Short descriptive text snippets

*** Block opens ***

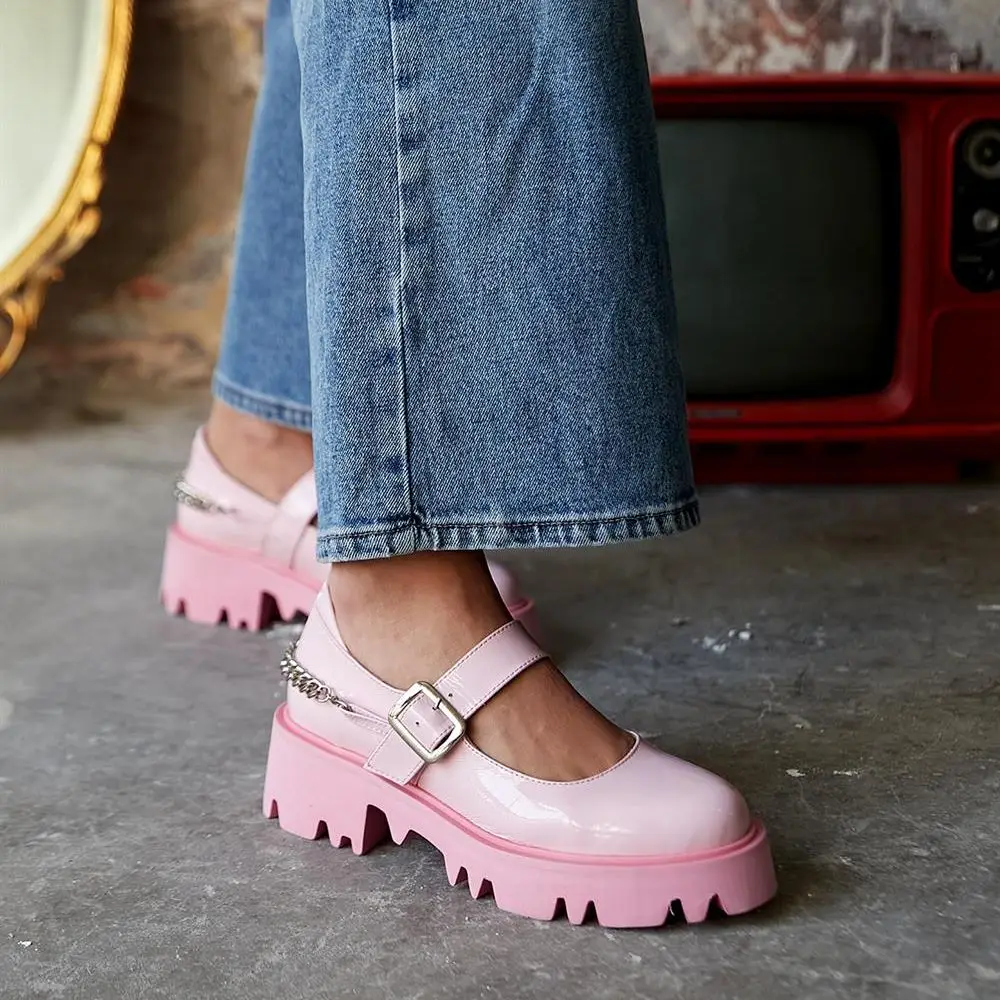 Boby Flat Platform Lightweight Eva Sole Chain Detailed Strap Mary Jane Shoes Poshnmore Beige Pink Black Casual Shoes Oxford Loa
Boby Flat Platform Lightweight Eva Sole Chain Detailed Strap Mary Jane Shoes Poshnmore Beige Pink Black Casual Shoes Oxford Loa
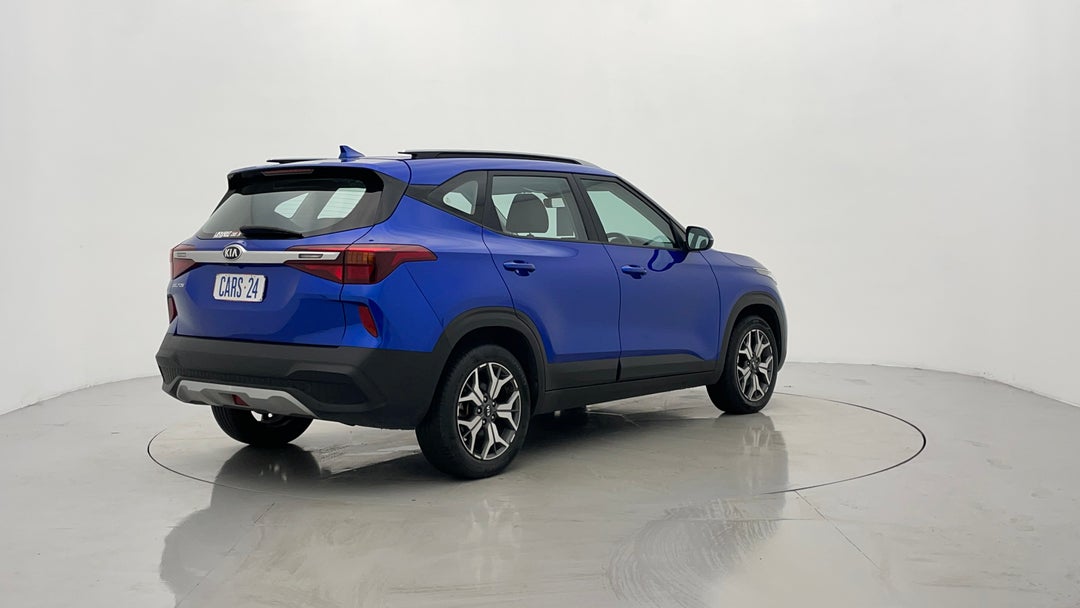 Right Back Diagonal (45- Degree) View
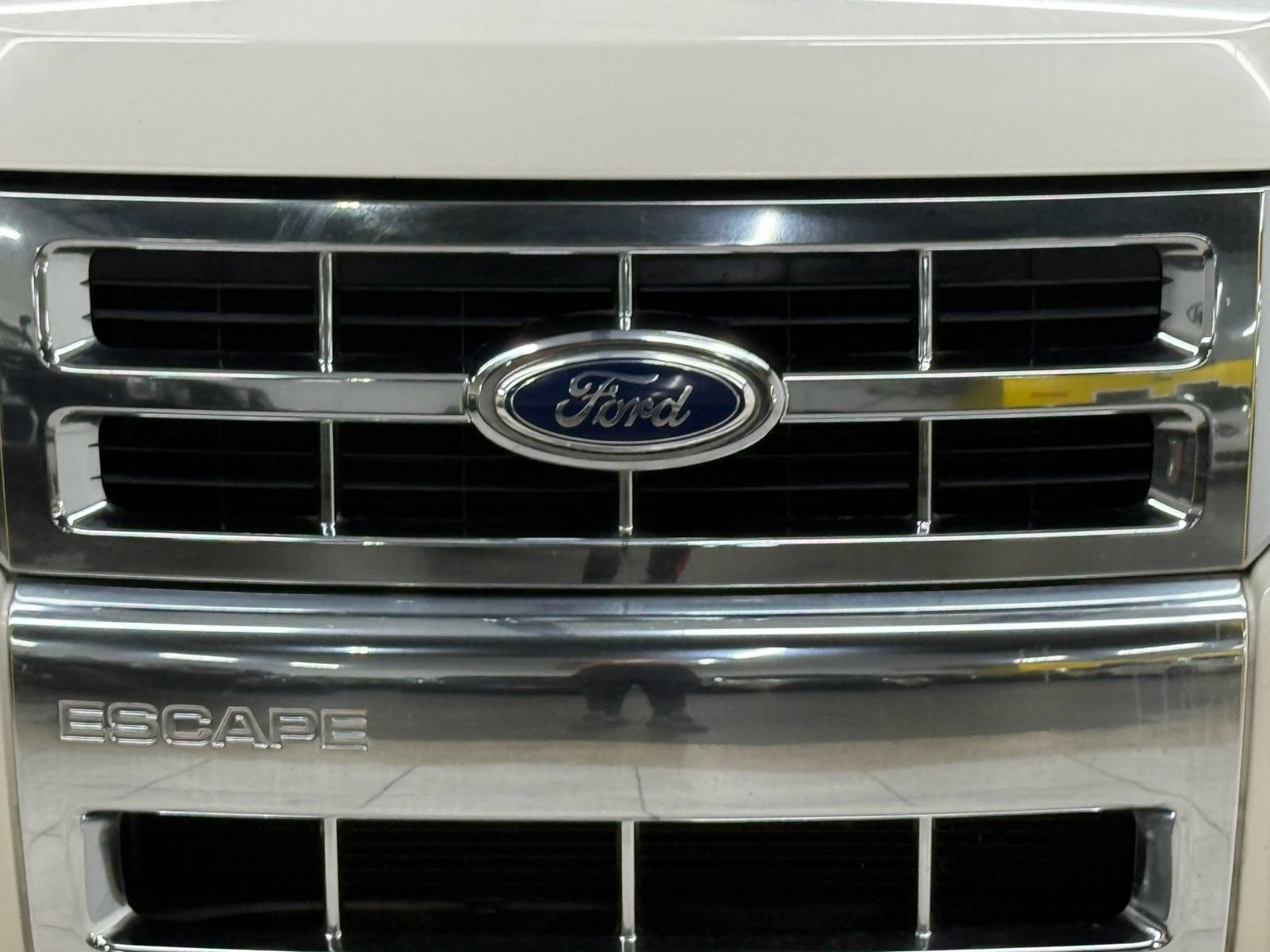 Used 2010 Ford Escape Limited FWD image 5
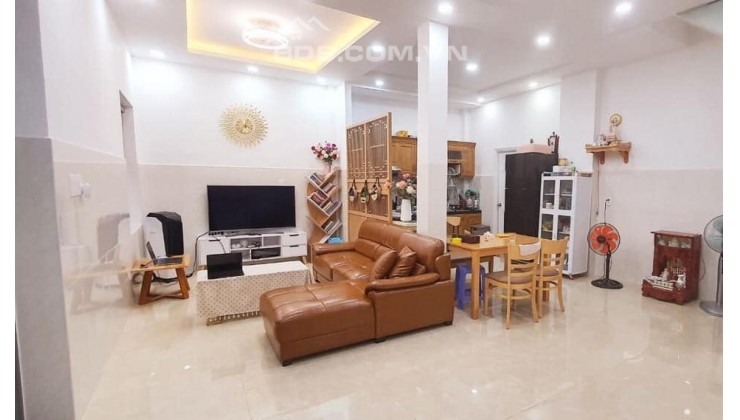 Bán nhà đẹp trung tâm Quận 7, kế bên KDC Him Lam, 50 m2, 4 tầng, 4 PN, chỉ hơn 5 tỷ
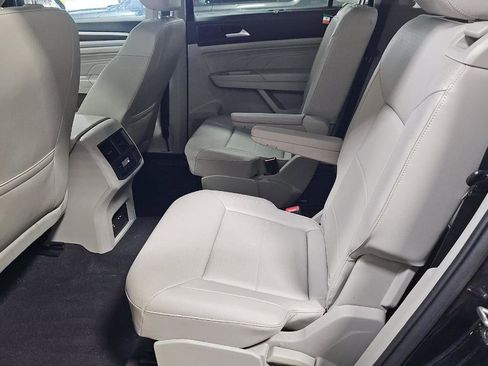 Used 2022 Volkswagen Atlas SE image 17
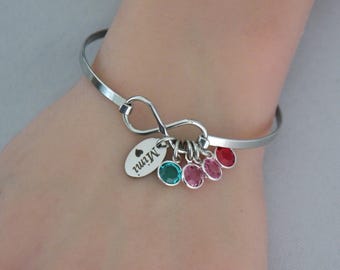 Mimi Bracelet with Grandkids Birthstones, Personalized Infinity Bangle, Grandma Gifts, Family Bracelet, Engraved Oval, Custom Name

*** Block closes ***

- _WHAT YOU WILL DO_: Except for the pictures, give the data again word for word.

- _YOUR SOLUTION_:
 Boby Flat Platform Lightweight Eva Sole Chain Detailed Strap Mary Jane Shoes Poshnmore Beige Pink Black Casual Shoes Oxford Loa
Boby Flat Platform Lightweight Eva Sole Chain Detailed Strap Mary Jane Shoes Poshnmore Beige Pink Black Casual Shoes Oxford Loa
 Right Back Diagonal (45- Degree) View
 Used 2010 Ford Escape Limited FWD image 5
 Bán nhà đẹp trung tâm Quận 7, kế bên KDC Him Lam, 50 m2, 4 tầng, 4 PN, chỉ hơn 5 tỷ
 Used 2022 Volkswagen Atlas SE image 17
 Mimi Bracelet with Grandkids Birthstones, Personalized Infinity Bangle, Grandma Gifts, Family Bracelet, Engraved Oval, Custom Name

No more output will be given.